C’est vrai que c’est parfois assez folklorique et qu’il faut comprendre, en dehors des mots, où se trouve la réalité. En définitive, il vaut mieux tout vérifier par soi même, car un chinois ne dira jamais la vérité, si ça le dérange.
Par contre c’est un pays que j’adore et où tout semble encore possible. Les chinois sont de mon point de vue très optimistes par rapport aux français, et voient l’avenir devant eux.
Bonjour 🙂
Je passe sur cette publication plus de deux ans après sa mise en ligne…
Cet article est hyper intéressant, c’est la première fois que je pense à regarder sur Internet si d’autres personnes vivent la même chose que moi, non pas que j’en souffre mais… ça soulève des questions tout ça ! Et je suis étonnée de voir à quel point certaines caractéristiques reviennent, certains trait de caractère… Je me retrouve totalement dans ce texte, et également dans les commentaires. Vraiment.
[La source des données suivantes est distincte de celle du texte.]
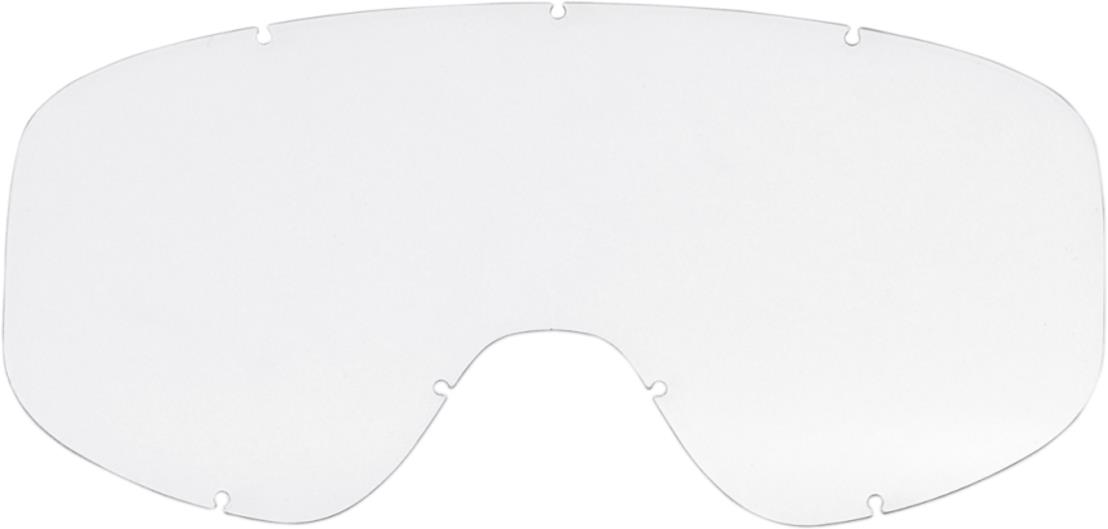Replacement Lens for Moto 2.0 Goggles - Clear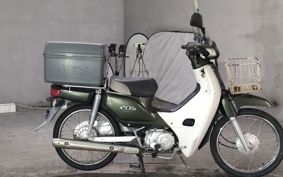 HONDA SUPER CUB50 AA04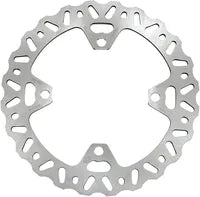 Suzuki Rm Z 250 [2025] - DISQUE DE FREIN SHARK FIXE – Photo 11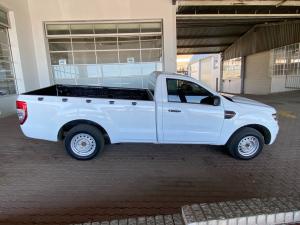Ford Ranger 2.2TDCi (aircon) - Image 3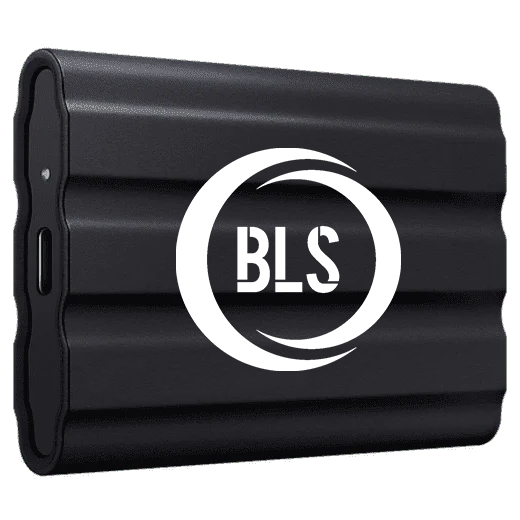 Image of the BLAGS network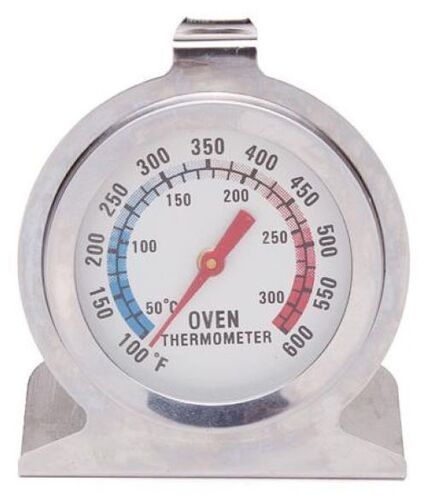 Thermometer - SS Meat Thermometer Manufacturer from New Delhi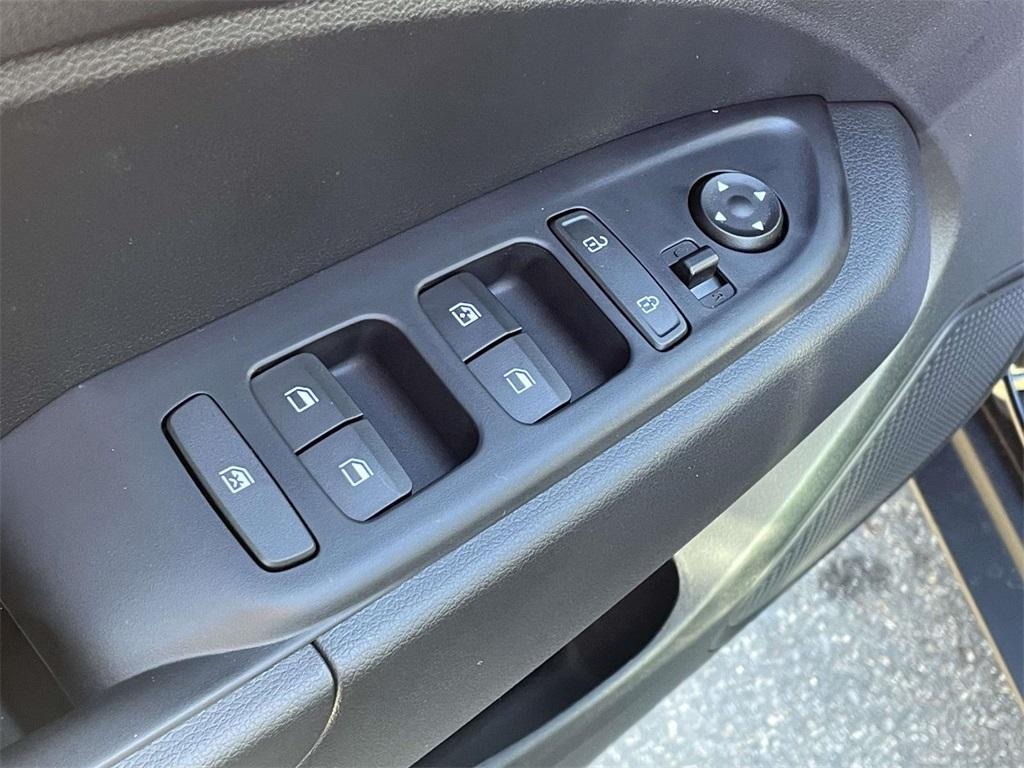 new 2026 Hyundai Venue car, priced at $24,611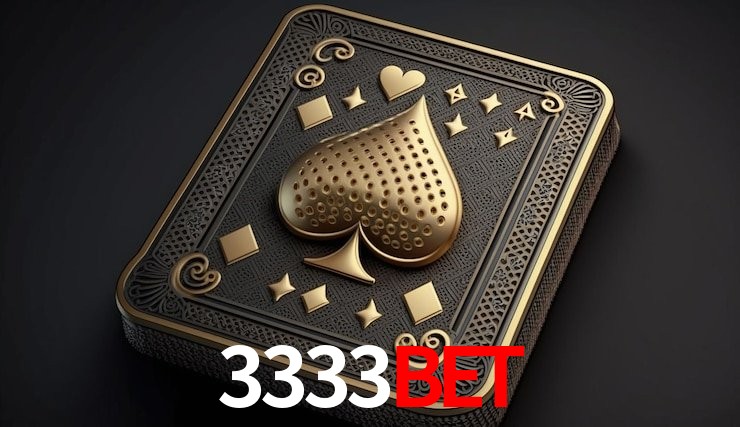 Apostas de Tênis 3333bet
Je travaille depuis un an dans une société Chinoise, nous sommes deux françaises uniquement, le reste des employés est Chinois, anglophone approximatif, et parfois avec un peu de chance ils papotent français, mais c’est très très limité.
Déjà qu’en France il peu y avoir des problèmes de compréhension entre Français (« ce que je veux dire, ce que je dis, ce que tu entends, ce que tu comprends » etc pour simplifier), mais alors là… La difficulté de compréhension est vraiment présente.
Je m’occupe du management relation clientèle, du SAV principalement (en B to C, avec des clients Français, Européens et anglophones parfois), mais je fais également du Community Management, de l’infographie, je gère les relations avec les partenaires, j’imagine les opérations marketing et promotionnelles pour les mois à venir, bref…
J’ai beaucoup de casquettes, profil idéal pour les entreprises lowcost, où un seul employé doit faire grossomodo 4 métiers différents au bas mot pour être rentable. Ça tombe bien, j’ai beaucoup de cordes à mon arc, et je rêvais de pouvoir toucher à tout puisque je m’intéresse à énormément de domaines. J’ai 24 ans, j’avais 23 quand j’ai commencé à travailler avec eux, la boîte avait deux semaines de vie, et je suis parfaitement consciente que ça n’aurais pas du tout pu fonctionner de la même manière dans une boîte française, bien établie qui plus est.
Bref, tout ça pour dire que c’est une aventure précieuse, avec son lot de difficultés comme toujours, mais qui m’enrichie jour après jour.
Navrée pour ce pavé, mais c’est la première fois que je m’exprime à ce sujet, avec des « inconnus » qui vivent la même chose.
A bon entendeurs (bon lecteurs ?), bonne journée à ceux qui passeront par là 🙂
Comment se fait-il que ce pays « ultra-libéral » où on fait travailler les enfants pour une poignée de riz, où les riches sont toujours plus riches et les pauvres toujours plus pauvres, viennent déverser ses milliards salvateurs sur le centre mondial de la morale et du socialisme justicier? Que dit la doctrine officielle française à ce sujet? Je m’interroge.